_ABOUT THIS TASK_
Extract every line between the one with "colando la leche con la bolsa de miomat" and the end of the entries, both included, word for word and free of pictures.

Scraped caption text data:
-- Opening Marker --

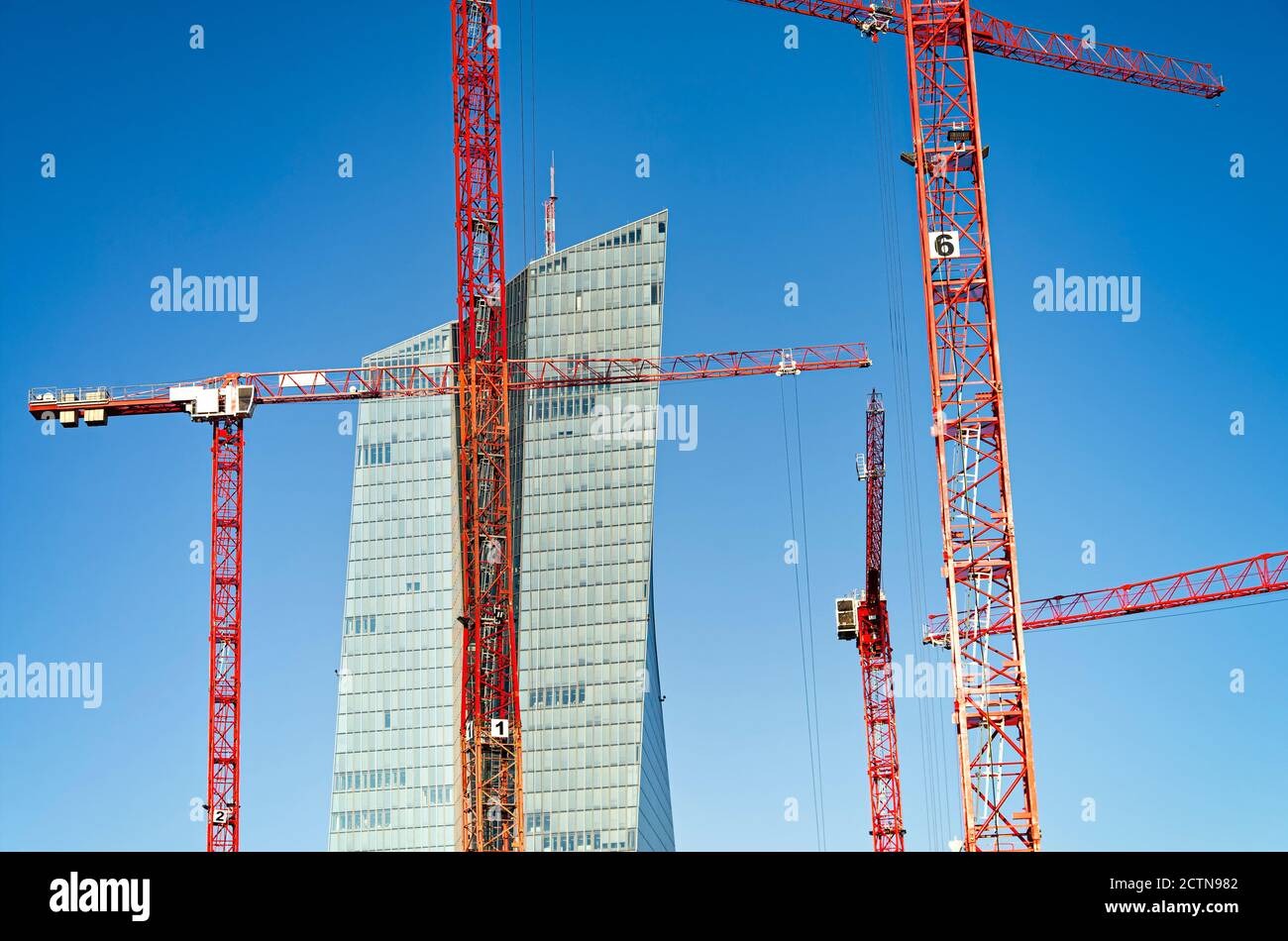 Europäische Zentralbank mit Baukranen im Vordergrund Stockfoto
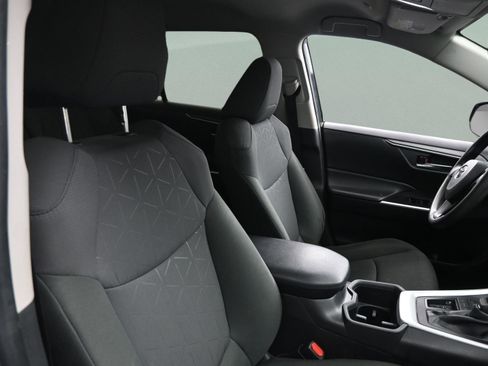 Certified 2024 Toyota RAV4 XLE FWD image 35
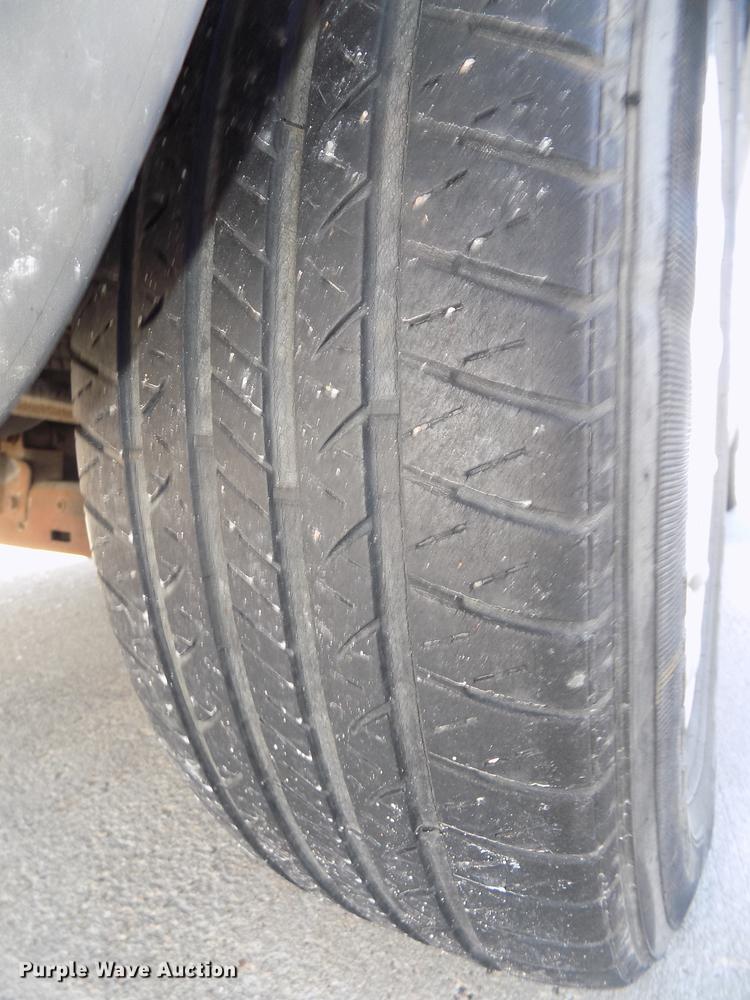 image for item DE7626 2002 Chrysler Voyager van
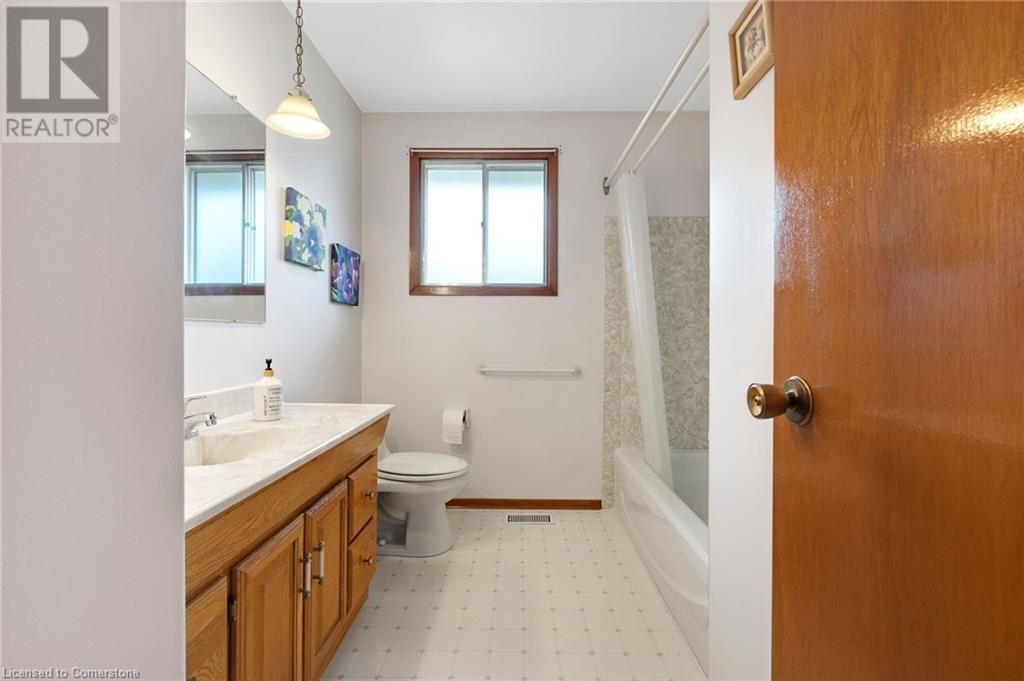 265 CHAMPLAIN BOULEVARD Image 25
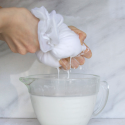 colando la leche con la bolsa de miomat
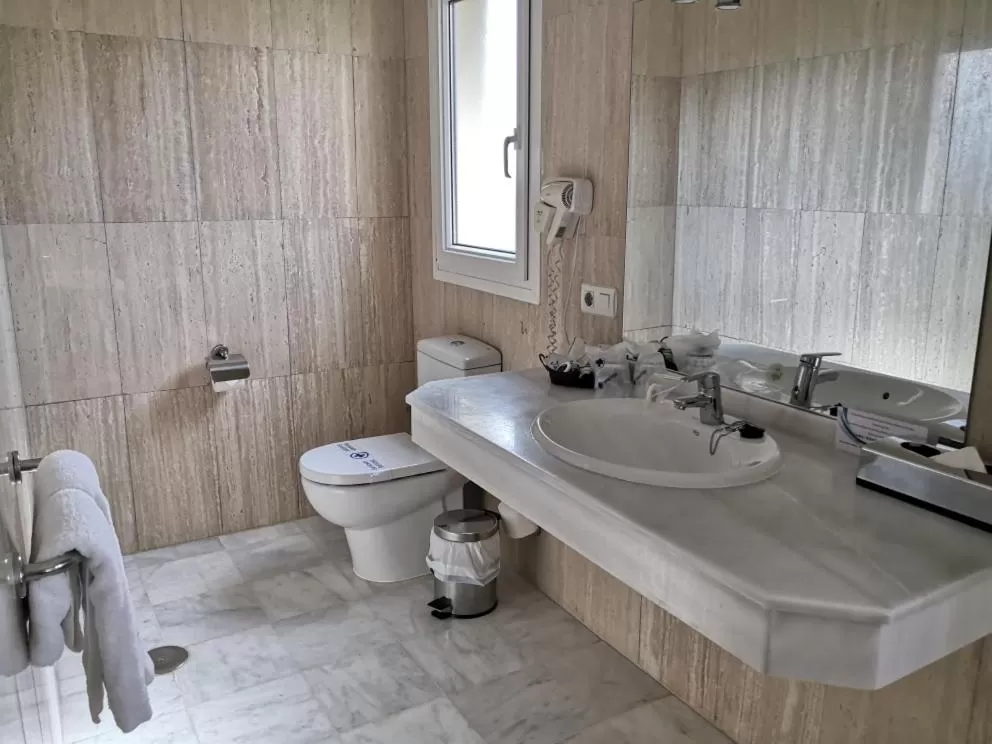 Toilet in La Luna Blanca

-- Closing Marker --

_RESULT_
 colando la leche con la bolsa de miomat
 Toilet in La Luna Blanca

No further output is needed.